Sebi tightens screws on merchant bankers with phased net-worth requirements, liquidity norms

The Indian capital markets are currently witnessing a period of unprecedented expansion. With the surge in Initial Public Offerings (IPOs) and a growing retail investor base, the role of financial intermediaries has come under intense regulatory scrutiny. In a definitive move to fortify the systemic integrity of the primary market, the Securities and Exchange Board of India (SEBI) has recently approved a comprehensive overhaul of the regulatory framework governing merchant bankers. As a legal professional observing the evolution of our financial jurisprudence, it is clear that SEBI is transitioning from a disclosure-based regime to a more robust, prudential-based supervisory model.

The latest amendments, which introduce phased net-worth requirements, stringent liquidity norms, and enhanced governance standards, represent a watershed moment for the merchant banking industry. These changes are designed to ensure that intermediaries possess not only the intellectual expertise to manage public issues but also the financial “skin in the game” necessary to absorb risks and protect the interests of the common investor. This article provides a deep-dive analysis of these regulatory shifts and their implications for the Indian financial ecosystem.

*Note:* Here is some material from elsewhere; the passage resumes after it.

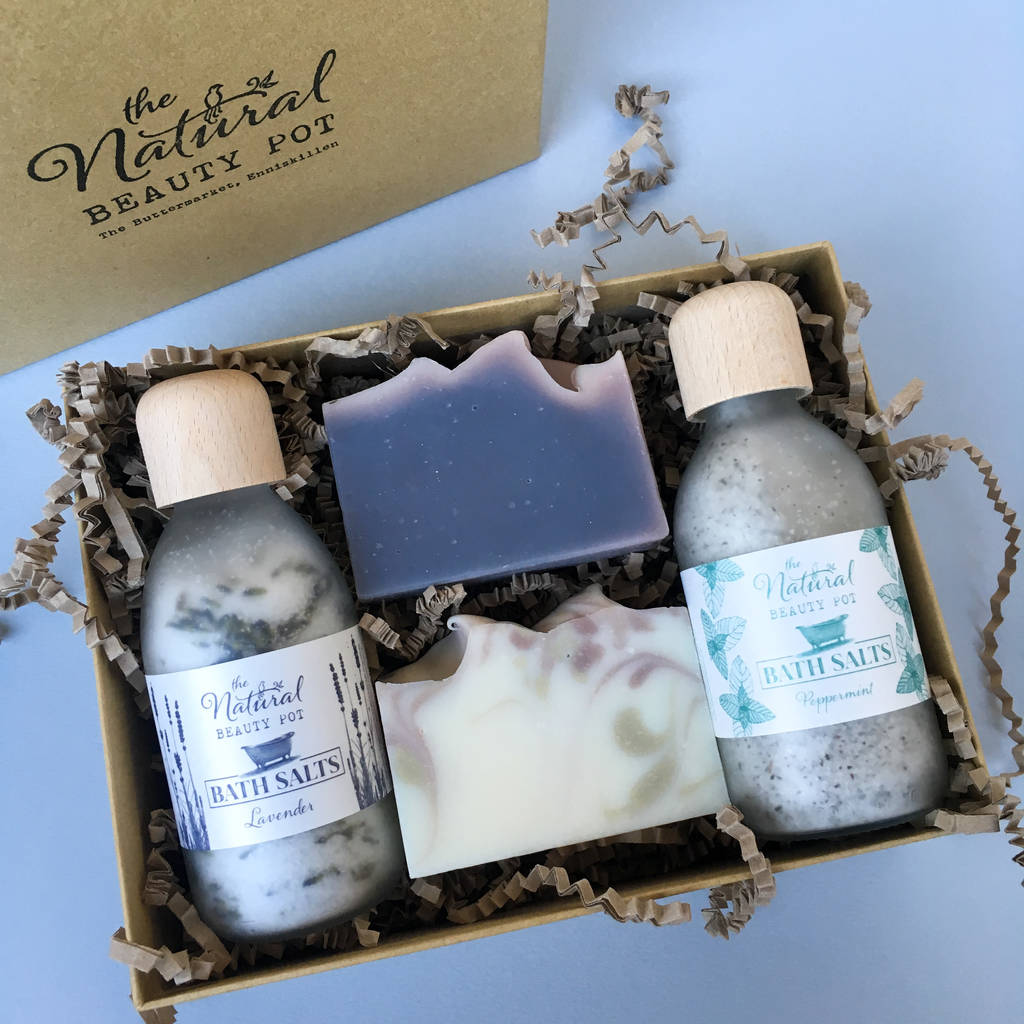 lavender and peppermint bath salts and soap gift box by the natural ...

The Rationale Behind the Regulatory Tightening

To understand the necessity of these changes, one must look at the current state of the Indian IPO pipeline. We are seeing companies of varying scales—from tech startups to traditional manufacturing giants—approaching the public markets. In this frenzy, the merchant banker acts as the “gatekeeper.” They are responsible for due diligence, pricing, and ensuring that the information provided to the public is accurate and verifiable.

However, the previous net-worth requirements for merchant bankers had remained stagnant for years, failing to keep pace with the increasing size and complexity of market transactions. SEBI noticed a trend where several small-scale intermediaries, with limited capital buffers, were handling large-scale mandates. This created a systemic risk: if a merchant banker were to face litigation or be held liable for due diligence failures, their lack of financial depth could render any compensatory mechanism ineffective. By tightening the screws, SEBI is ensuring that only serious, well-capitalized players remain in the fray, thereby enhancing the overall quality of market intermediaries.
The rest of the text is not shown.